Second, save for a few passages (143-44) Paul fails to explore the cultural contradiction that elites lionize Muslim and other immigrants who have the most traditional of families. Indeed as Charles Glenn shows, American Muslims increasingly choose private schools (including Catholic schools) to avoid untraditional sexual norms and family models.5 One might imagine a coalition of traditional Muslims and Christians, forcing elites to choose between adulation for Islam and sexual revolution. Precedents exist, such as when late nineteenth century Protestant elites directed state funds to Catholic schools, at a time when many considered Papists the greatest threat to democracy.6 Yet creating such coalitions and policies would require centrist and conservative political entrepreneurs more talented than any on the horizon.

Finally, as Greg Lukianoff and Jonathan Haidt argue in The Coddling of the American Mind, broader societal changes such as social media and the rise of victim culture (status through victimhood) have enhanced the value of the status markers Paul describes, and eroded our ability to bargain with rather than “educate” others.7 This would seem an essential part of Paul’s story.

That said, From Tolerance to Equality is a compelling work of social science explaining some of the most important and rapid social changes of the past half-century with great insight, and scholarly integrity.
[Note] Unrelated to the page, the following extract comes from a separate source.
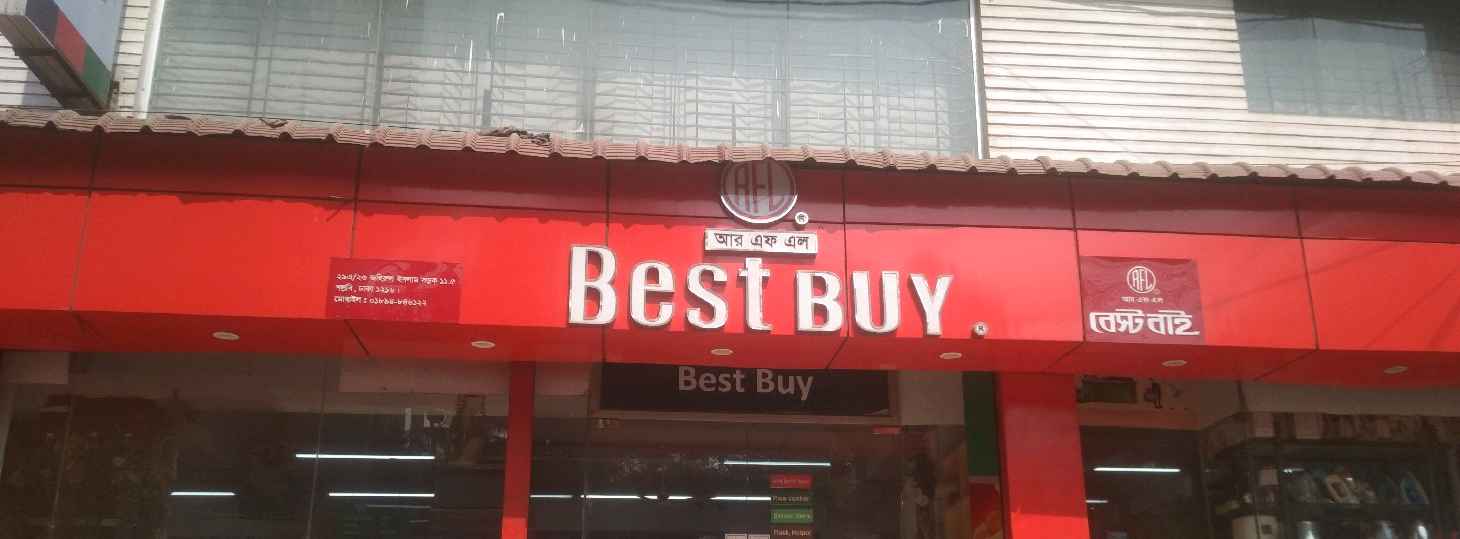 Rfl Best Buy - 5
This book should be widely read; alas, I fear it will be widely ignored.


1For a sympathetic interpretation of Obama’s quote, see Janell Ross, “Obama revives his ‘clings to guns or religion analysis’---for Donald Trump supporters,” Washington Post, December 21, 2015,

2Joan C. Williams, White Working Class: Overcoming Class Cluelessness in America (Cambridge: Harvard Business Review Press, 2017).

3Thomas R. Dye and Harmon Zeigler, The Irony of Democracy, 12th edition (Belmont, CA: Thomson Wadsworth, 2003).

4William Deresiewicz, Excellent Sheep: The miseducation of the American elite and the way to a meaningful life (New York: Free Press, 2014).

5Charles L. Glenn, Muslim Educators in American Communities (Charlotte, NC: Information Age Press, 2018).

6Dirk C. van Raemdonck and Robert Maranto, “Prisoners of History: Explaining Why Statist Belgium Has School Vouchers While Liberal America Does Not,” Journal of School Choice, 12, no. 4 (2018): 546-66.

7Greg Lukianoff, Jonathan Haidt, The Coddling of the American Mind (New York: Penguin Press, 2018).